Symmetry in Distributions

A distribution is symmetric if its two halves are mirror images of each other. For instance, if you can fold a chart down the middle and the two sides match, then that distribution is symmetrical. The mean, median, and mode in a symmetric distribution typically coincide, suggesting a balance in the data.

Example of a Symmetric Distribution: The Normal Distribution

The Bell Curve, also known as the normal distribution, is a classic example of a symmetric distribution. In a normal distribution:

The mean ($\mu$) is equal to the median, which is equal to the mode.
The distribution is shaped like a bell and is characterized by the following equation for probability density function:

$$f(x) = \frac{1}{\sigma \sqrt{2\pi}} e^{-\frac{(x - \mu)^2}{2\sigma^2}}$$

where $\sigma$ is the standard deviation.

Skewness in Distributions

Skewness refers to the degree of asymmetry of a distribution around its mean. When a distribution is not symmetric, it can be skewed to the left or the right:

Left Skew: Data has a longer tail on the left side. The mean is typically less than the median, which is less than the mode ($\text{mean} < \text{median} < \text{mode}$).
Right Skew: Data has a longer tail on the right side. The mean is usually greater than the median, which is greater than the mode ($\text{mean} > \text{median} > \text{mode}$).
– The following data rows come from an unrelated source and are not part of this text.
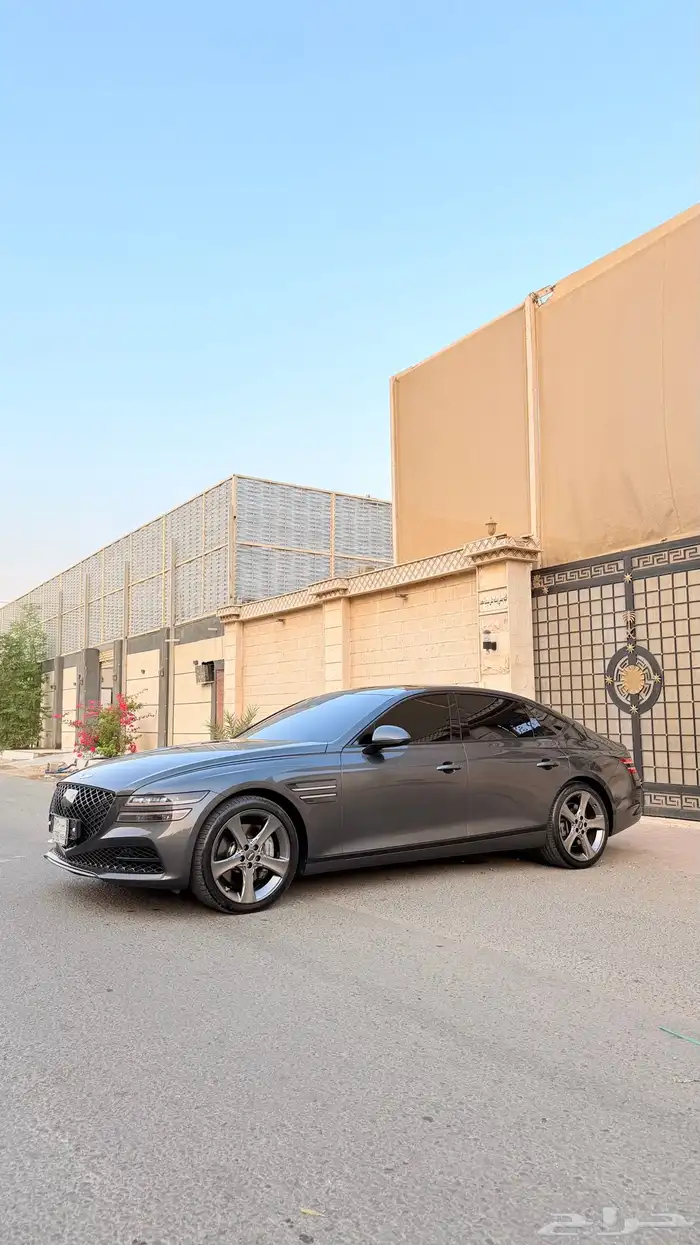 جنسس G80 ( بنزين 6V ) مواصفات خاصه بحالة الوكالة 4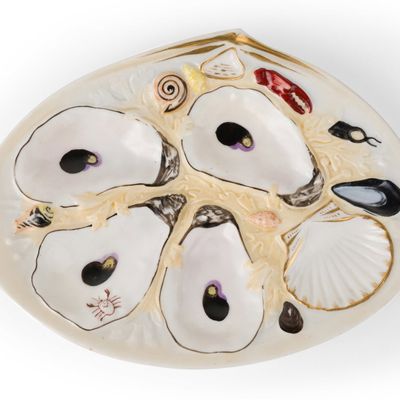 UPW / Union Porcelain Works (Brooklyn, NY) Patented Oyster Plate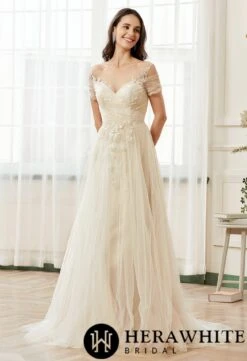 Robe De Mariée Romantique à Corsage Plissé En Tulle Avec Illusion Sur L’épaule 9 Robe De Mariée Romantique à Corsage Plissé En Tulle Avec Illusion Sur L’épaule -Soiree Blanche Boutique e88f71b354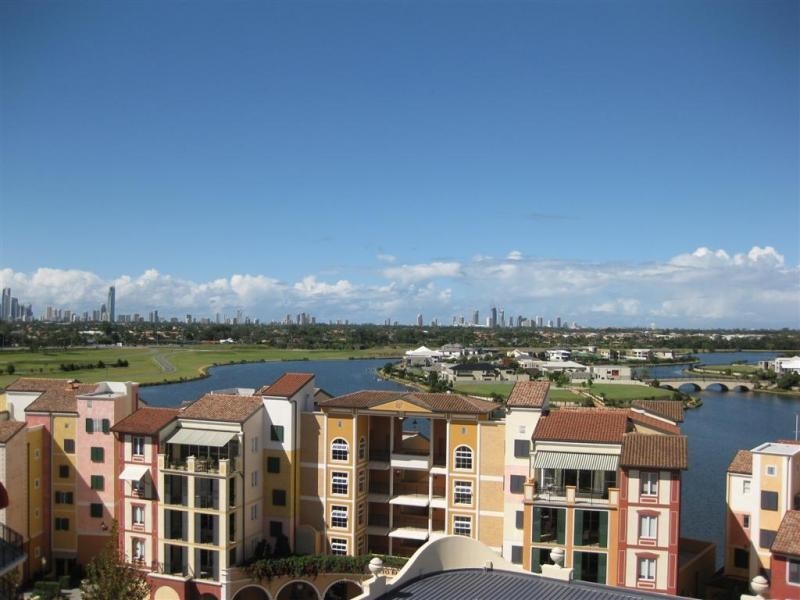 Carrara QLD 4211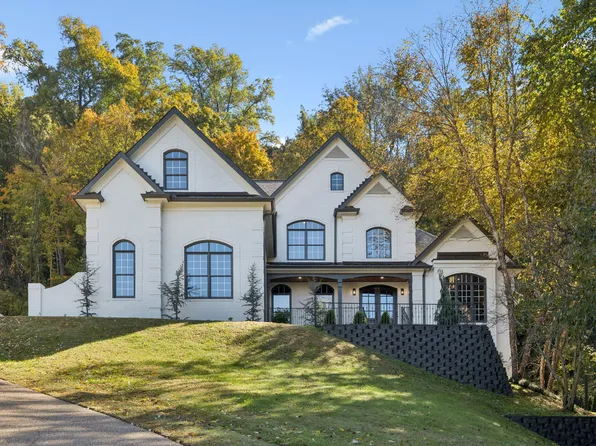 945 Travelers Ct, Nashville, TN 37220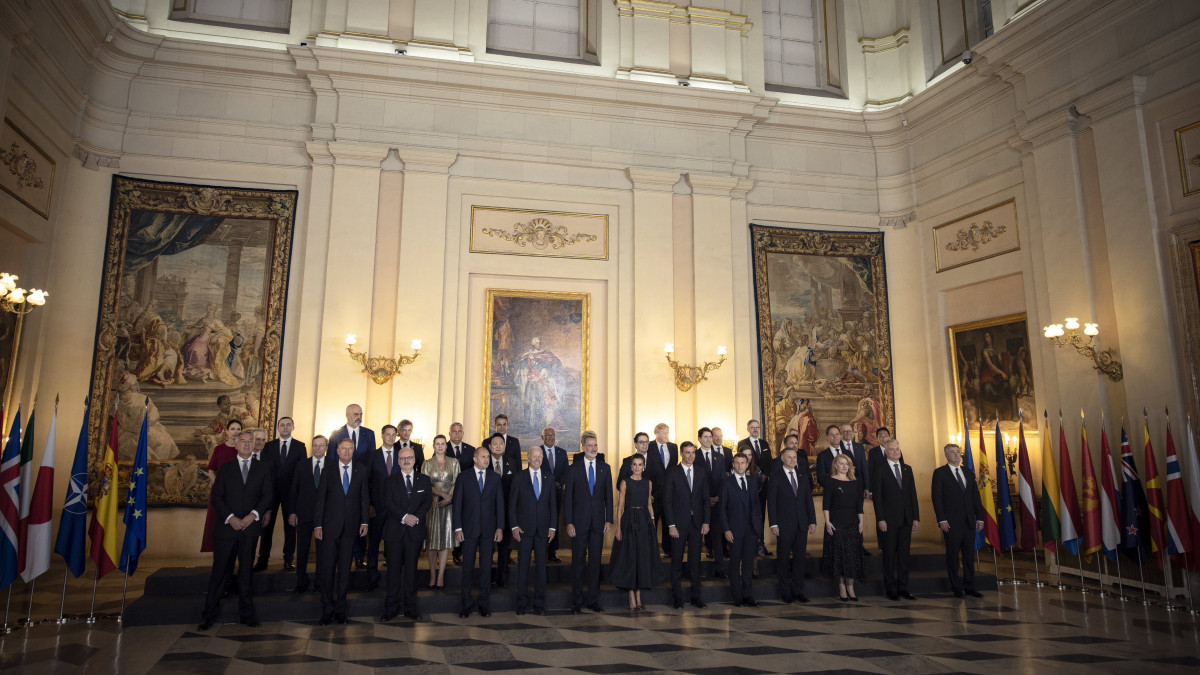 A Miniszterelnöki Sajtóiroda által közreadott képen Orbán Viktor miniszterelnök (b3, hátul) VI. Fülöp spanyol király (elöl, b6) az állam- és kormányfők részére adott gálavacsoráján a madridi Királyi Palotában 2022. június 28-án. Másnap kezdődik a NATO állam- és kormányfők kétnapos csúcstalálkozója. 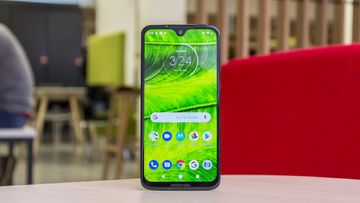 Motorola Moto G7 Plus test par ExpertReviews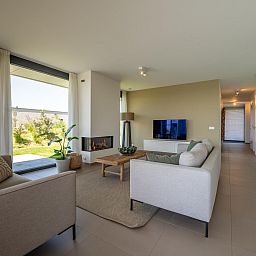 Gezellige woonkamer met open haard in Duinvallei 29 | De Groote Duynen, Kamperland. Vakantiehuis in Noord-Beveland, Zeeland.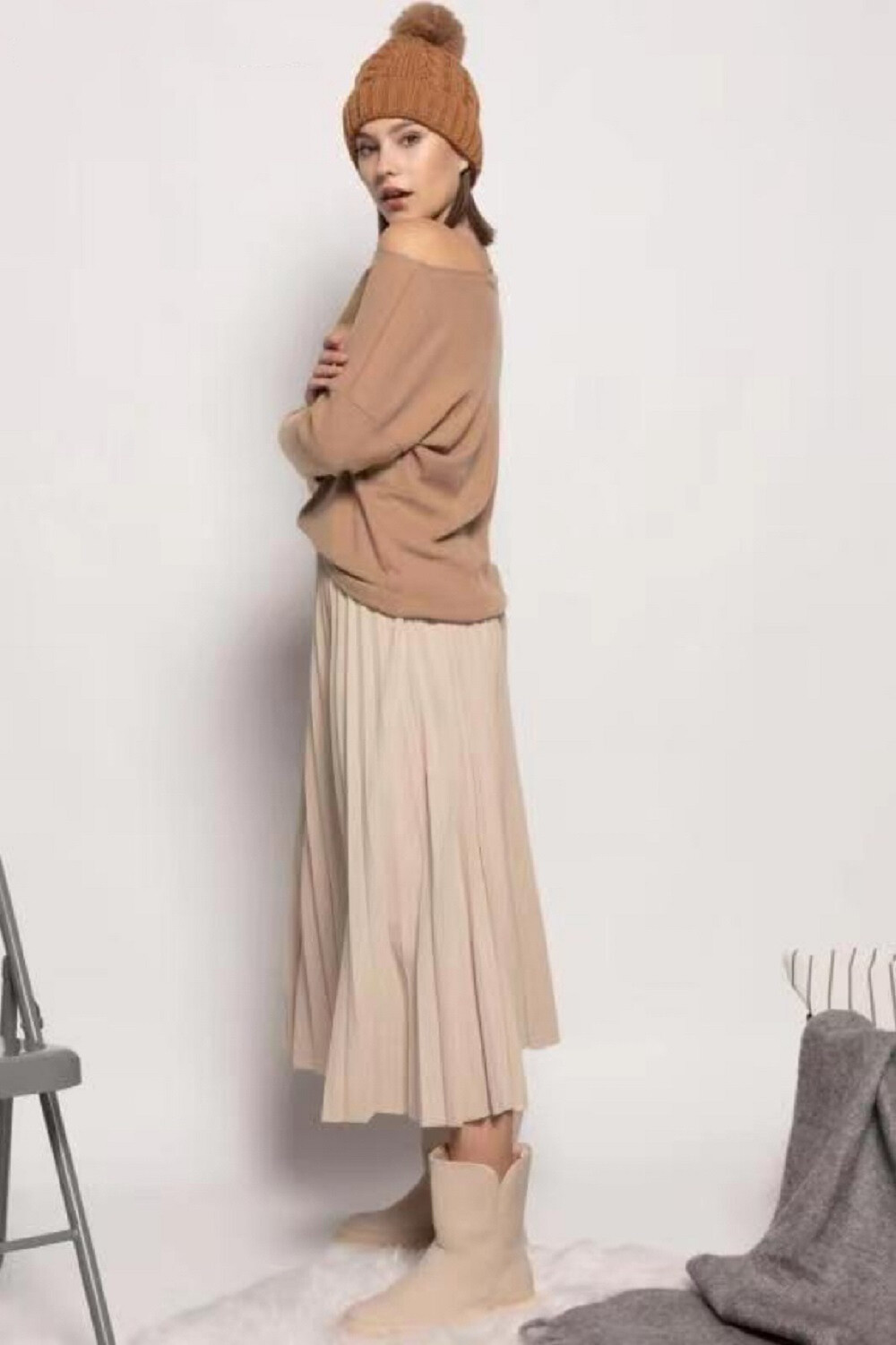 Wholesaler Rosy Days - Crepe pleated mid-length skirt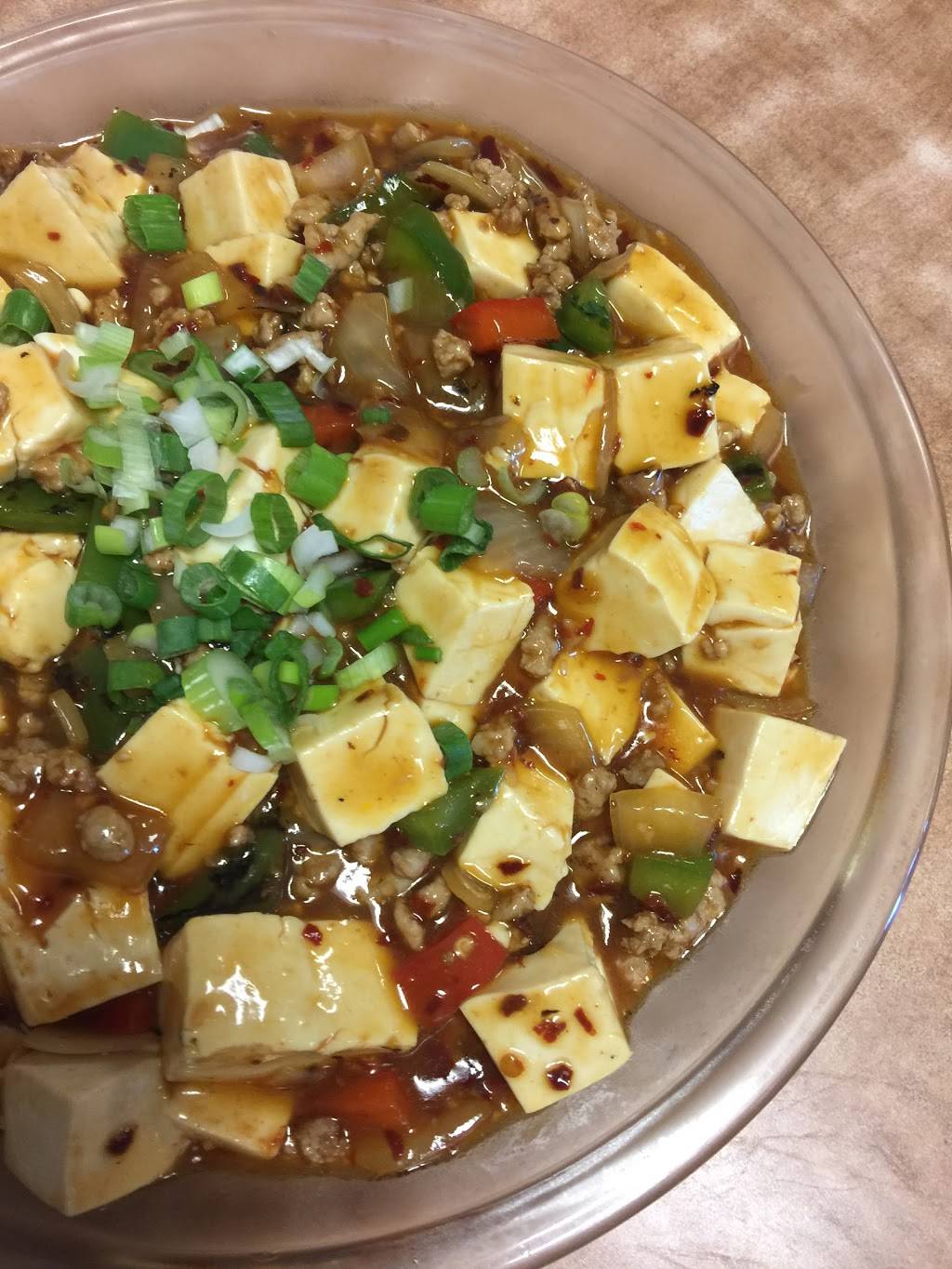 Wongs Garden Restaurant | restaurant | 263 Weller Ave #3, Kingston, ON K7K 5B5, Canada | 6135424709 OR +1 613-542-4709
Worked Example: Consider a dataset of exam scores:

Scores	Frequency
40-49	2
50-59	5
60-69	12
70-79	15
80-89	8
90-100	3

In this case, the distribution of scores has a longer tail towards the left since fewer students scored in the lower range than in the higher range. This indicates a right-skew. The mean will be higher than the median because there are high scores from 80 to 100 that pull the average up.

Identifying the Mode

The mode is the value that appears most frequently in a dataset. In graphical terms, it is the location of the peak(s) in a distribution. A distribution can be unimodal (one peak), bimodal (two peaks), or multimodal (several peaks).

Worked Example: Consider the following dataset of ages:

Ages	Frequency
18	2
19	3
20	8
21	15
22	10
23	4
24	1

In this case, the age 21 has the highest frequency and is the mode. The data is unimodal since it has only one peak.

Spotting Outliers and Gaps

Outliers are data points that differ significantly from other observations. They can distort statistical analyses and interpretations if not handled properly. Gaps in data can also indicate anomalies or missing information.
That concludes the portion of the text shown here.